Rya*_*ell 6 eval r metaprogramming substitution
我正在尝试编写一个程序,它将表达式作为输入,并返回一个函数,该表达式绑定为它的主体.
caller <- function (expr, params) {
Function <- function (params, body, env = parent.frame()) {
# returns a function
}
Function(params, body = expr)
}
func <- caller (a + b, c('a', 'b'))
func(1, 2)
[1] 3
我可以通过使用类似的东西很容易地绑定参数
params <- c('a', 'b')
f <- function() {}
formals(f) <- structure(
replicate(length(params), NULL),
names = params
)
我无法想出一种动态添加表达式作为正文的方法.我已经尝试过使用substitute(),并从pryr库中调整make_function,但是我无法完成任务.我最好的尝试是
body(f, parent.frame()) <- as.list( match.call() )[-1]$body
我也无法用替代品来解决这个问题.关于如何绑定主体以使最顶层的程序按预期工作的任何想法?
我在SO上看到了类似的问题,但解决方案似乎并不能解决这个问题.
这是一个允许参数没有默认值的解决方案。传递参数名称也更容易,因为它们不必用引号引起来。
请检查下面代码中的注释:
g <- function(...)
{
# Get the arguments as unevaluated expressions:
L <- as.list(substitute(list(...)))[-1]
# The first argument is the body expression (technically a call object):
expr <- L[[1]]
# If the expression is not enclosed in curly braces, let's force it:
if( as.character(expr[[1]]) != "{" ) expr <- call("{", expr)

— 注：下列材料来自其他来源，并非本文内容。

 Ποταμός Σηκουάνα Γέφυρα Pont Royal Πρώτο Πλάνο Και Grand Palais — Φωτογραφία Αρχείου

# Drop the first argument:
L <- L[-1]
# Mark symbols to be used as names for missing parameters:
filter <- vapply(L, is.symbol, logical(1))
params <- L
# The obscure expression "formals(function(x){})$x" returns a missing value, something really arcane ;-) :
params[filter] <- list(formals(function(x){})$x)
# Here the symbols are used as names:
names(params)[filter] <- vapply(L[filter], as.character, character(1))
# Now the result:
f <- function(){}
formals(f) <- params
body(f) <- expr
# Just to make it nicier, let's define the enclosing environment as if the function were created outside g:
environment(f) <- parent.frame()
f
}
一些测试:
> g(a+b, a, b=1)
function (a, b = 1)
{
a + b
}
> f <- g({x <- a+b; x^2}, a, b)
> f
function (a, b)
{
x <- a + b
x^2
}
> f(2,3)
[1] 25
> f(1)
Error in a + b : 'b' is missing
> g(a+b, a=2, b=2)()
[1] 4